Making Money from Capitated Plans

  1. Introduction
  2. Capitated Plans and Sharing Risk
  3. Evaluating Capitation Rates
  4. Capitation Worksheet

Introduction

As a practice management software and service vendor, PCC has helped many offices analyze and negotiate capitated insurance contracts. Although the management of Primary Care practices has changed considerably over the last few years, many offices have felt the considerable stress and strain of capitation.

Even though computer systems like Partner have made it easier to evaluate utilization statistics, too frequently, we notice that our clients enter into insurance contracts - especially capitated contracts - without fully understanding how the plan will affect their practices and their cash flows. This document is designed to shed some light on the subject of capitated contracts and provide a straightforward method for evaluating proposed capitation rates in a Primary Care office.

We will begin with a brief introduction to managed care and capitated insurance companies. We will then demonstrate how to evaluate a capitated offer, including providing a worksheet for you to complete. We then encourage you to examine PCC's other managed care discussions.

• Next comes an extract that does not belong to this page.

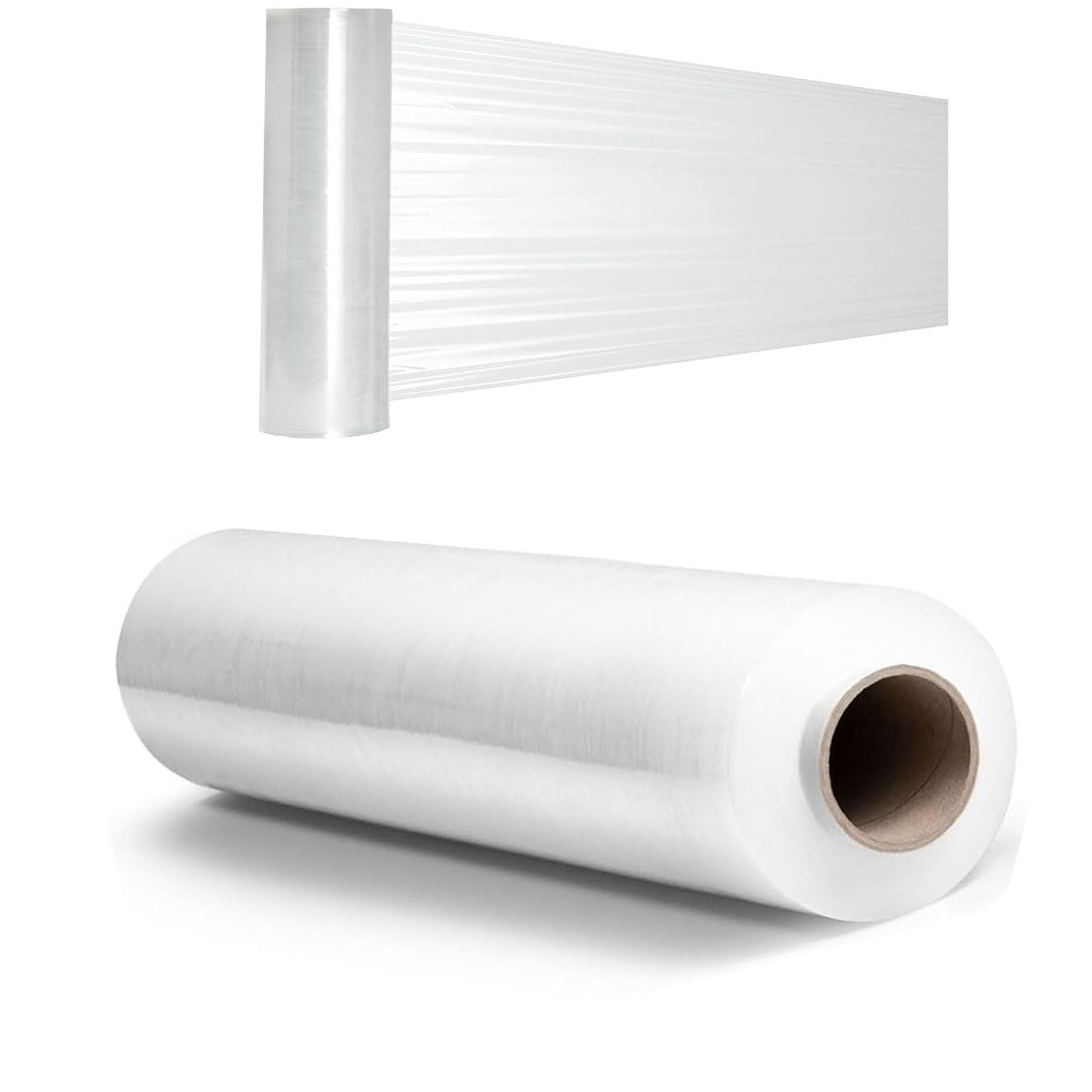 Schrumpffolie, Palettenfolie auf Rolle – 75cm/100cm, dehnbar, Frischhaltefolie in Industriequalität, wasser- und feuchtigkeitsbeständig, für Gepäck, Lagerung und Palettenstabilisierung(Size:75cm)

Capitated Plans and Sharing Risk

Welcome to the insurance business! Whether you realized it or not, by participating in a capitated plan, you now accept some, if not most, of the risk associated with your patients covered under this plan. The reasoning is simple: you will be paid the same amount of money each month, no matter how often a covered patient visits your practice. In other words, you receive a (small) portion of each patient's monthly premium. In return for the payment, you are not only expected to provide your standard medical care for that patient, but you must also provide guidance and education about the insurance plan, continue to collect the many and confusing outstanding insurance balances, and act as a "gate keeper," deciding when the patient will need a referral to see other medical specialists.

Before you even consider signing that contract, find out how the plan is going to change your practice. Not only will your cash flow be affected, but the manner in which you practice medicine will change too! PCC offers a variety of seminars and documents describing what you might expect and how to change your behavior.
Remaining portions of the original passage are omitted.